WORK ITEM: Among the entries that follow, the required portion opens with the line containing "Political cartoon of" and closes with the line containing "BS ROLLEN Bockrolle". Give that portion again exactly, and nothing else.

RECORDS FOR THE EXERCISE:
-------

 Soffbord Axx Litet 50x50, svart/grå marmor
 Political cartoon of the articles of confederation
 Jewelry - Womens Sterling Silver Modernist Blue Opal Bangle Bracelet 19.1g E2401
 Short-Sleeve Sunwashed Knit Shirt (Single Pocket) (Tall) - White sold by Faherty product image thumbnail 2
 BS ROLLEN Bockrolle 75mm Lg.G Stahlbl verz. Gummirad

-------

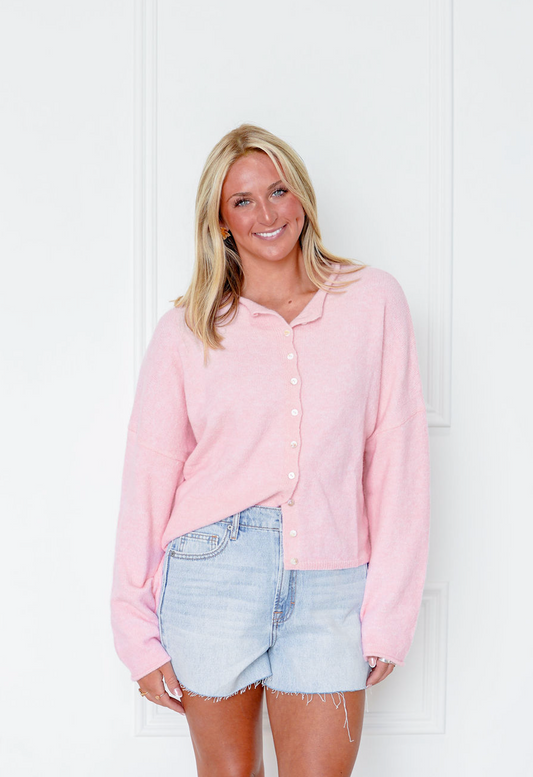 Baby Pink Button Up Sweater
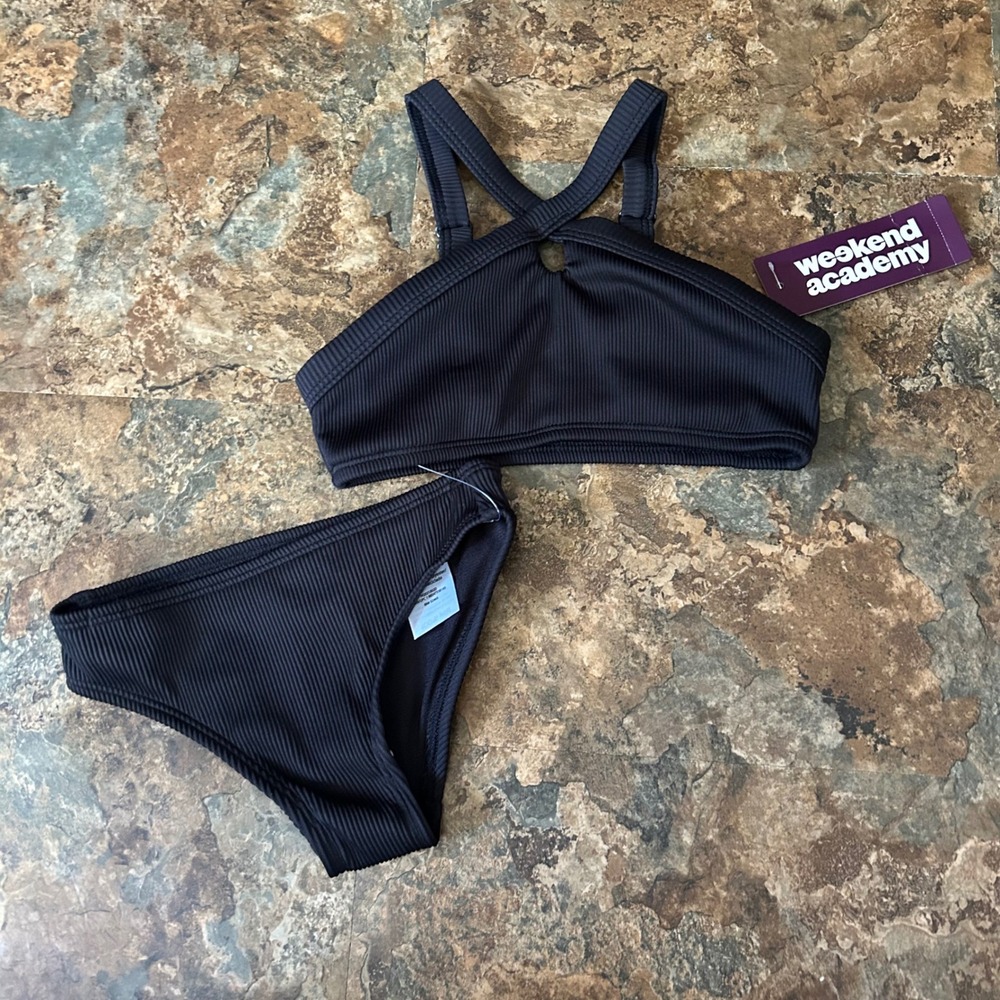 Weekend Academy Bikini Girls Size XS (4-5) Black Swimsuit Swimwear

-------

OUTPUT FOR THIS EXERCISE:
 Political cartoon of the articles of confederation
 Jewelry - Womens Sterling Silver Modernist Blue Opal Bangle Bracelet 19.1g E2401
 Short-Sleeve Sunwashed Knit Shirt (Single Pocket) (Tall) - White sold by Faherty product image thumbnail 2
 BS ROLLEN Bockrolle 75mm Lg.G Stahlbl verz. Gummirad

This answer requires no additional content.